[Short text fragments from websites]

◆ ◆ ◆ ◆ ◆ ◆ ◆

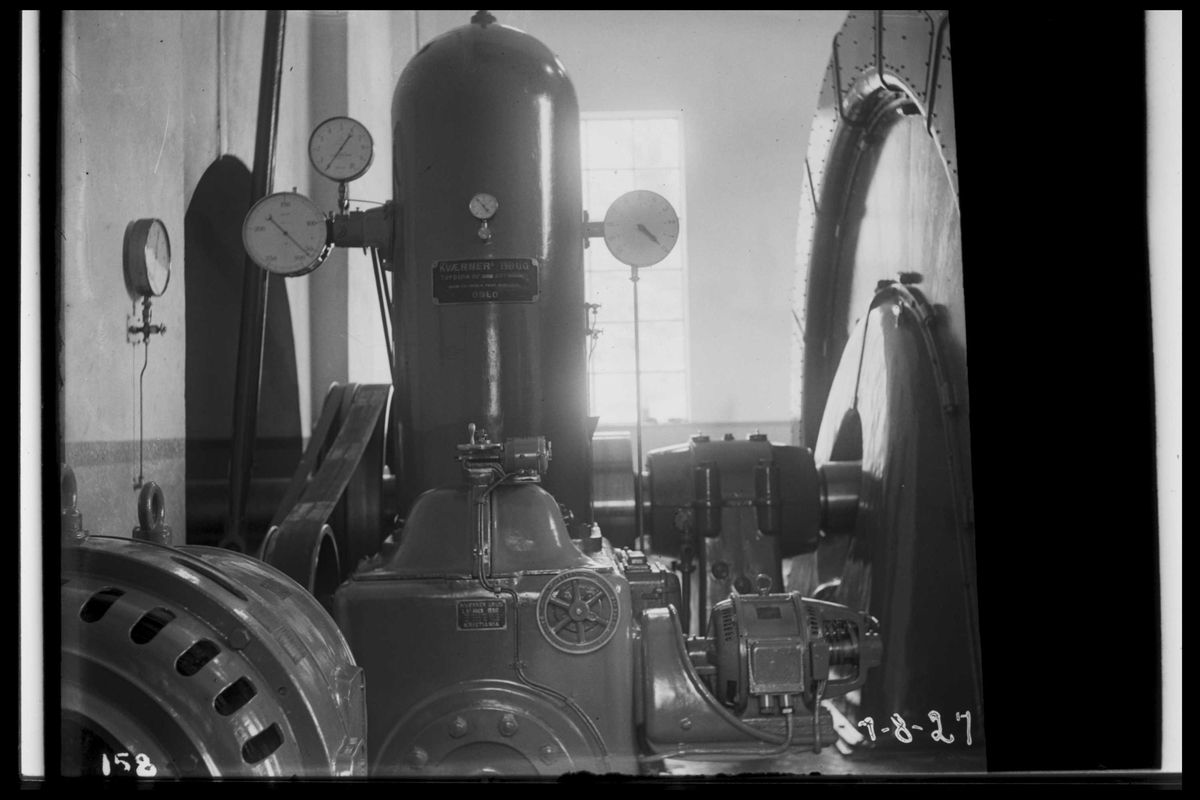 Arendal Fossekompani i begynnelsen av 1900-tallet
CD merket 0470, Bilde: 48
Sted: Flaten
Beskrivelse: Turbinregulator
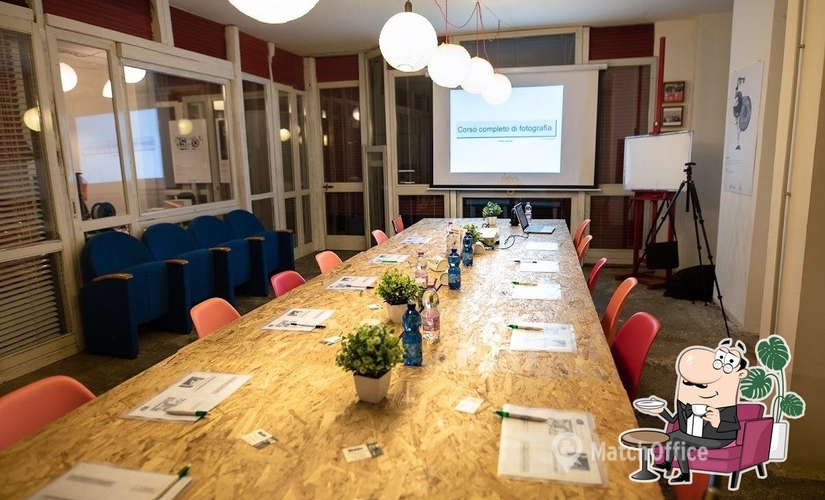 Uffici commerciali flessibili da affittare a Como di 450 m², Via IV Novembre 2 - 3 | MatchOffice.it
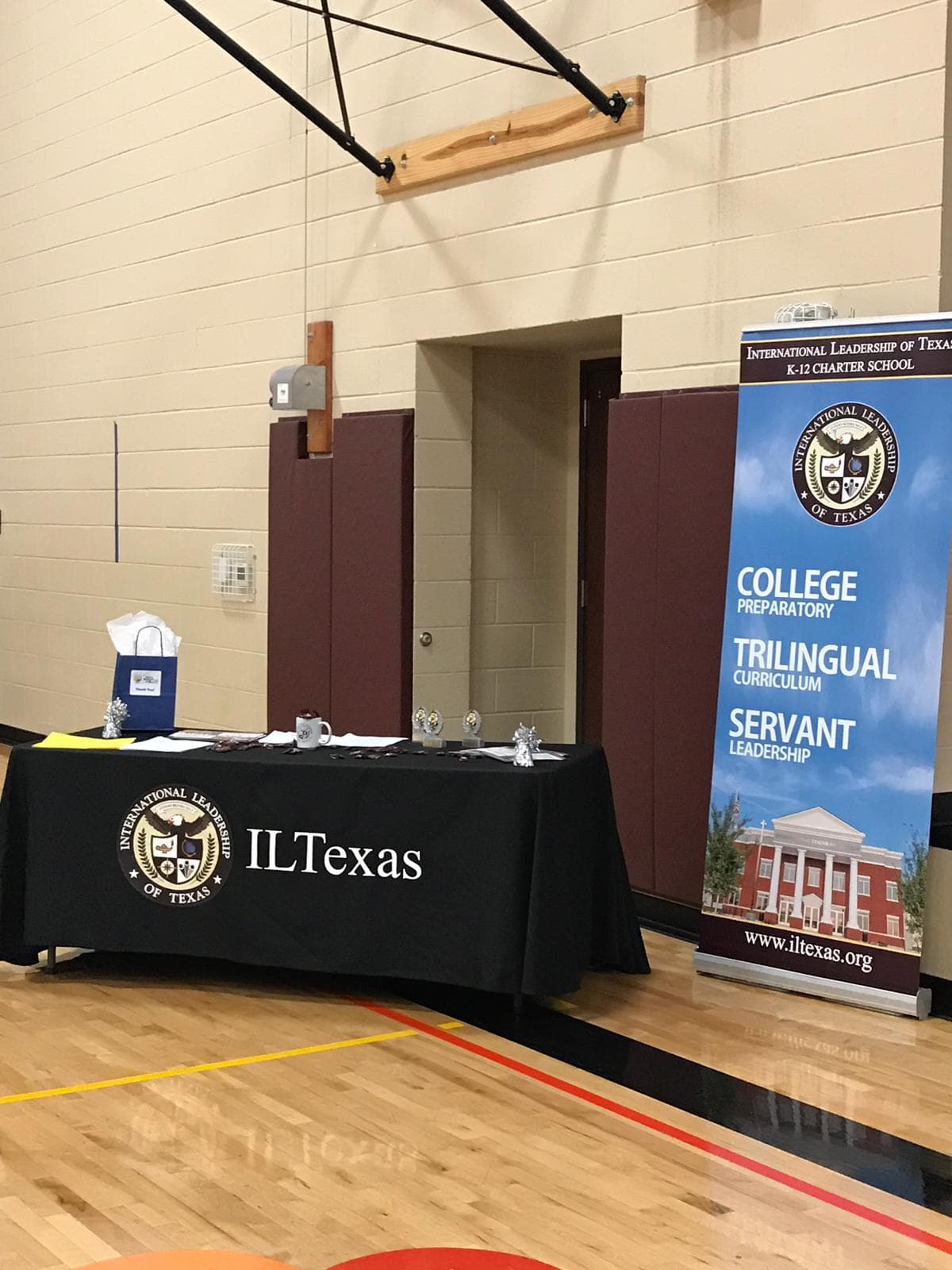 Algunas de las palabras que participantes tuverion que deletrear fueron: 
<br>Insurgente
<br>Juguetería
<br>Majestuoso
<br>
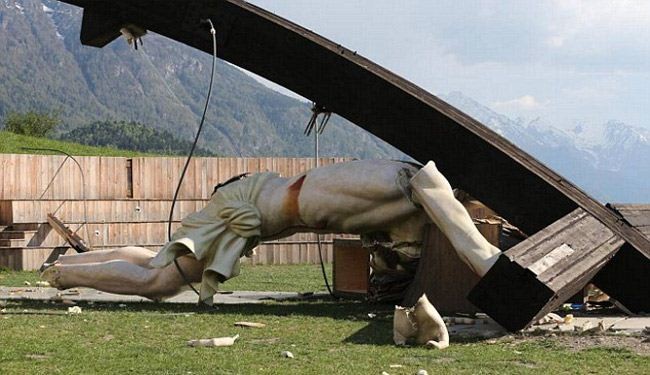 مقتل شاب  سقط عليه تمثال للبابا يوحنا بولس الثاني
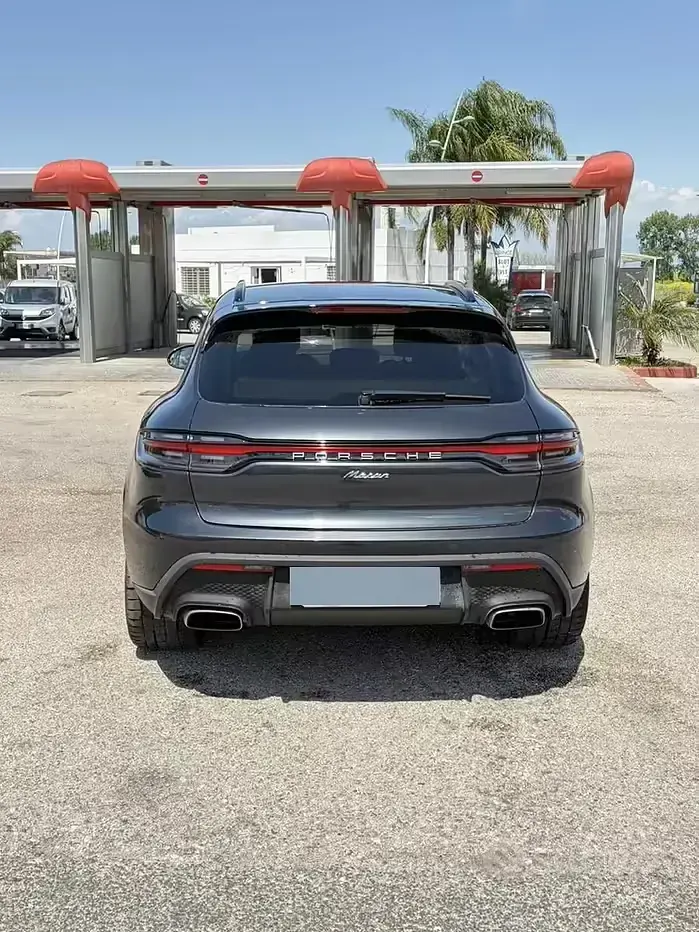 Usata Porsche Macan 245 CV (180 kW) 2019 Grigio SUV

◆ ◆ ◆ ◆ ◆ ◆ ◆

§ Work order
Repeat, exactly and only, the lines from the one containing "Uffici commerciali flessibili" through the final line of the data, both ends included, leaving out any picture.

§ Reply to the task
 Uffici commerciali flessibili da affittare a Como di 450 m², Via IV Novembre 2 - 3 | MatchOffice.it
 Algunas de las palabras que participantes tuverion que deletrear fueron: 
<br>Insurgente
<br>Juguetería
<br>Majestuoso
<br>
 مقتل شاب  سقط عليه تمثال للبابا يوحنا بولس الثاني
 Usata Porsche Macan 245 CV (180 kW) 2019 Grigio SUV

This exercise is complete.